- _Records provided_:
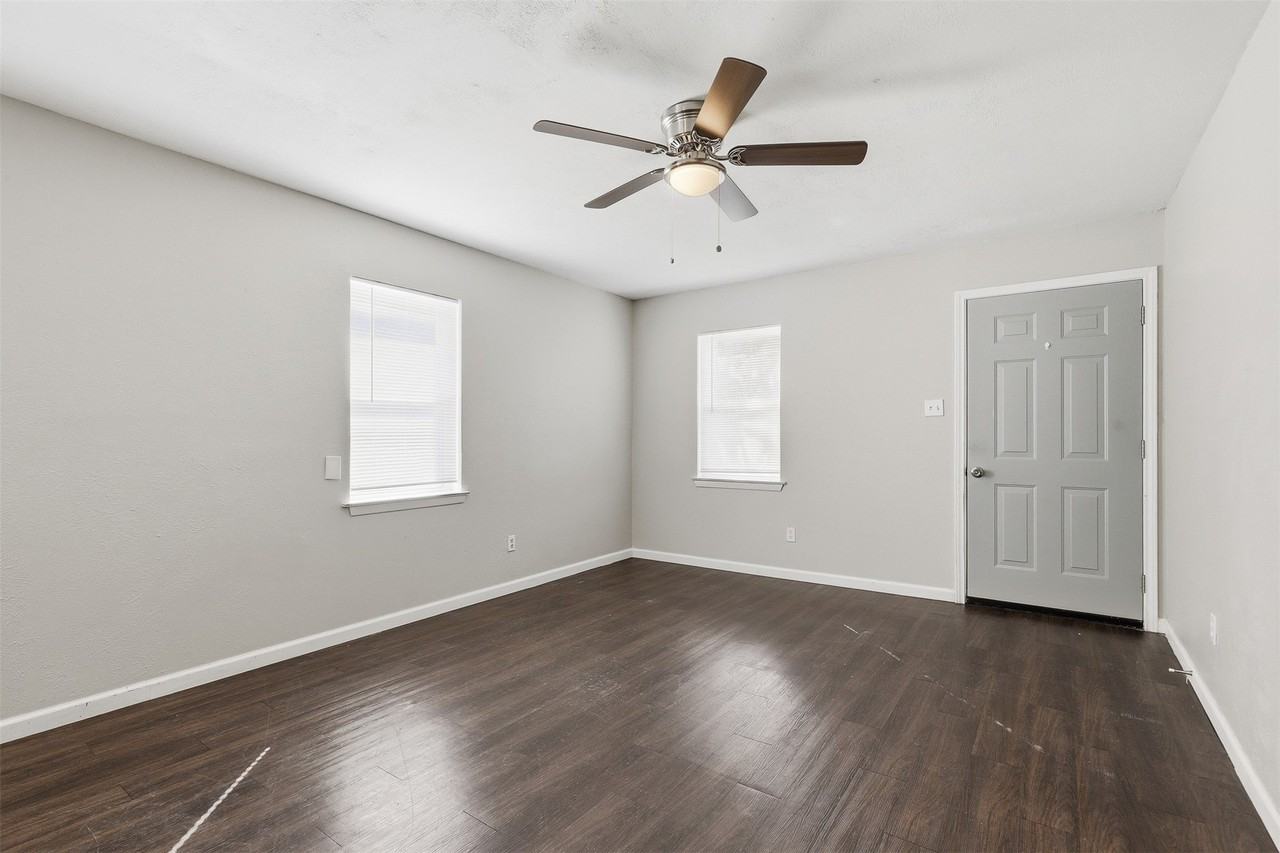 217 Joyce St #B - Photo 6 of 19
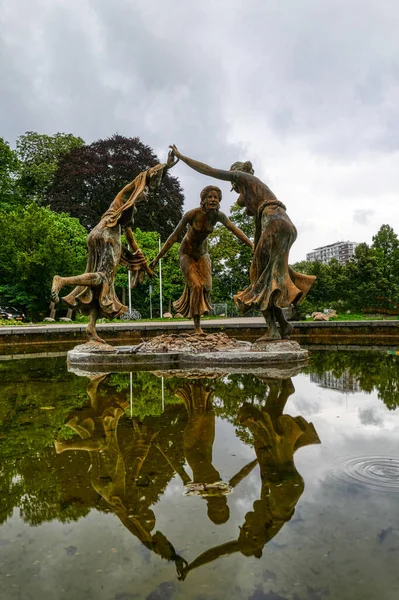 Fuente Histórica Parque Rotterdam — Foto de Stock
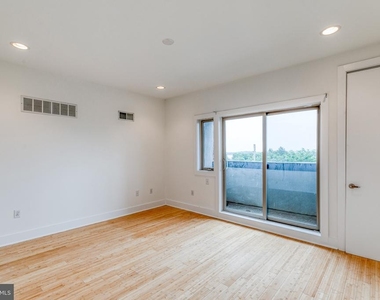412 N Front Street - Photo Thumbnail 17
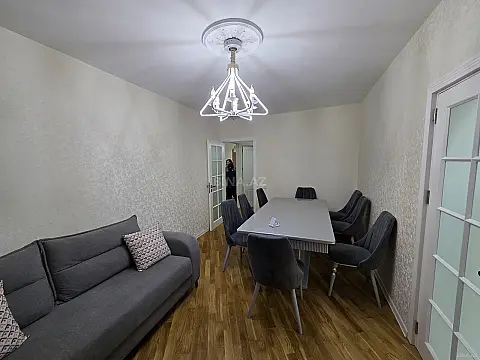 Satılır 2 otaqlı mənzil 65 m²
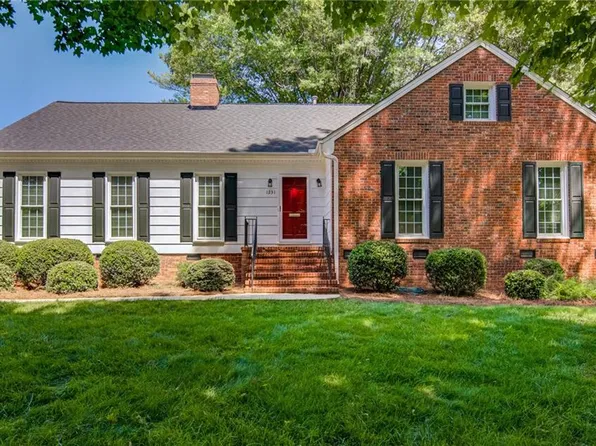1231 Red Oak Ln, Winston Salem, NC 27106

- _Directions_: Nothing but the lines from the one that contains "412 N Front Street - Photo Thumbnail 17" through the end of the material above is to be reproduced, exactly and without pictures.

- _Response to this task_:
412 N Front Street - Photo Thumbnail 17
 Satılır 2 otaqlı mənzil 65 m²
1231 Red Oak Ln, Winston Salem, NC 27106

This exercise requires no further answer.